Data scaling has revolutionized fields like natural language processing and computer vision,
providing models with remarkable generalization capabilities. In this paper, we investigate whether similar data scaling laws exist in robotics,
particularly in robotic manipulation, and whether appropriate data scaling can yield single-task robot policies that can be deployed zero-shot for any object within the same category in any environment.
To this end, we conduct a comprehensive empirical study on data scaling in imitation learning. By collecting data across numerous environments and objects,
we study how a policy's generalization performance changes with the number of training environments, objects, and demonstrations.
Throughout our research, we collect over 40,000 demonstrations and execute more than 15,000 real-world robot rollouts under a rigorous evaluation protocol.
Our findings reveal several intriguing results: the generalization performance of the policy follows a roughly power-law relationship with the number of environments and objects.

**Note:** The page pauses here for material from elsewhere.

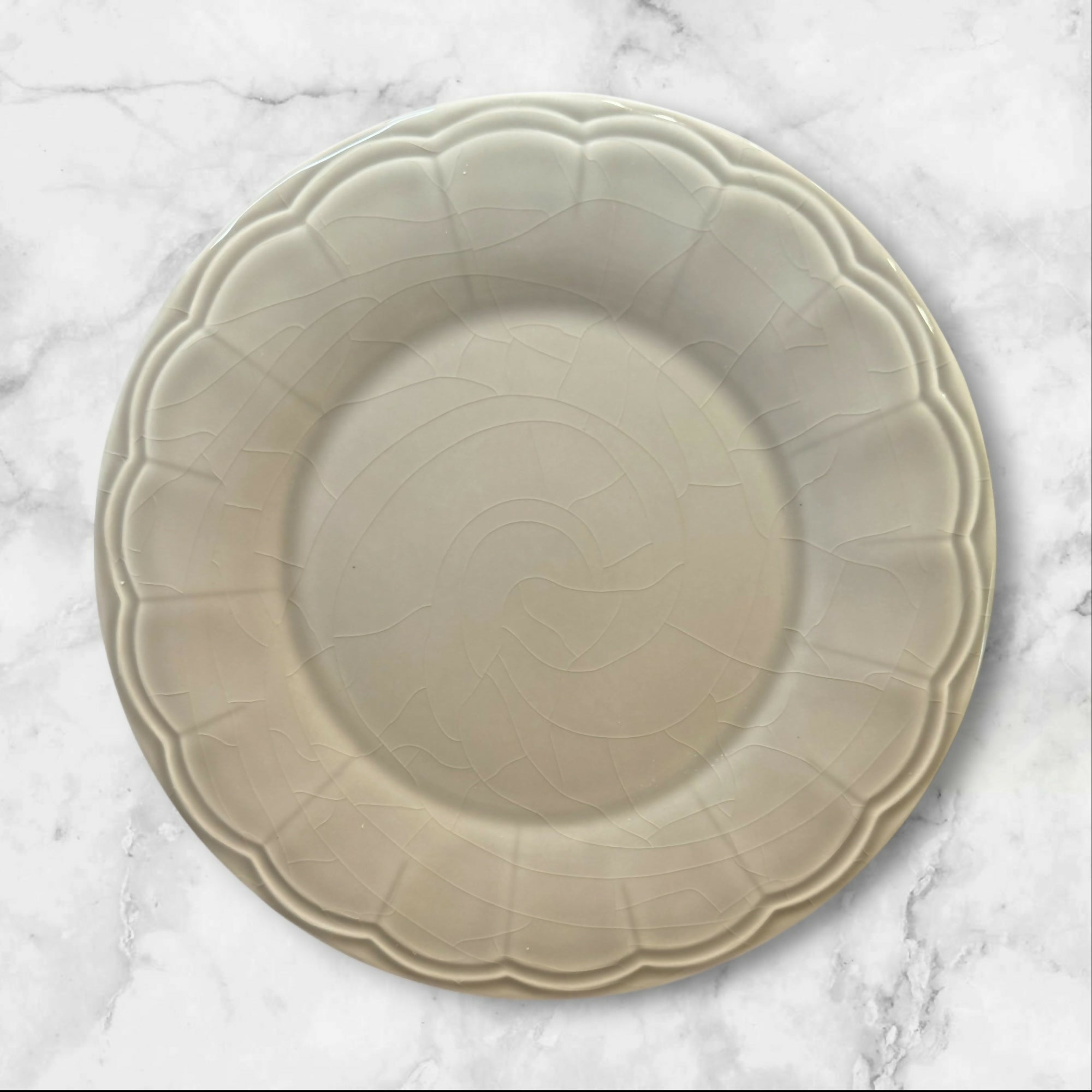 Euro Ceramica Naperon Dove Grey Dinnerware Set | 8 Pc | Good Used Condition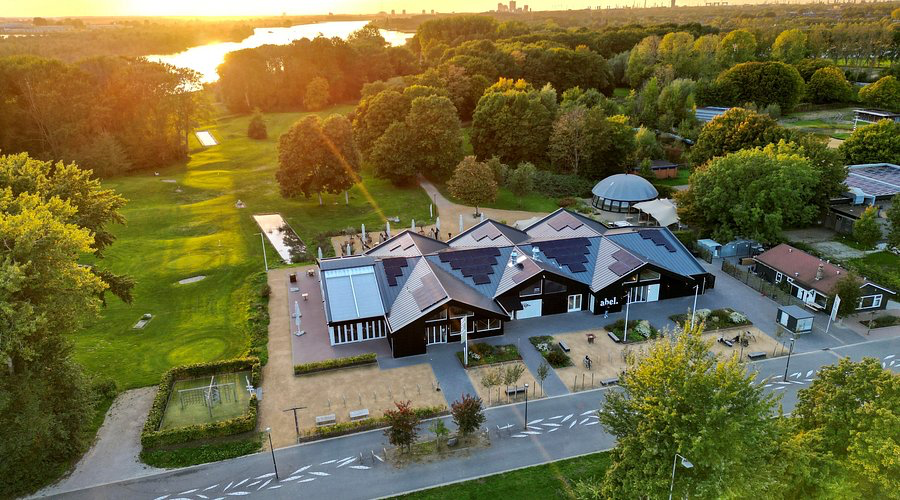 Abel Grand Café luchtfoto bij zonsondergang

The diversity of environments and objects is far more important than the absolute number of demonstrations; once the number of demonstrations per environment
or object reaches a certain threshold, additional demonstrations have minimal effect. Based on these insights, we propose an efficient data collection strategy.
With four data collectors working for one afternoon, we collect sufficient data to enable the policies for two tasks to achieve approximately 90% success rates in novel environments with unseen objects.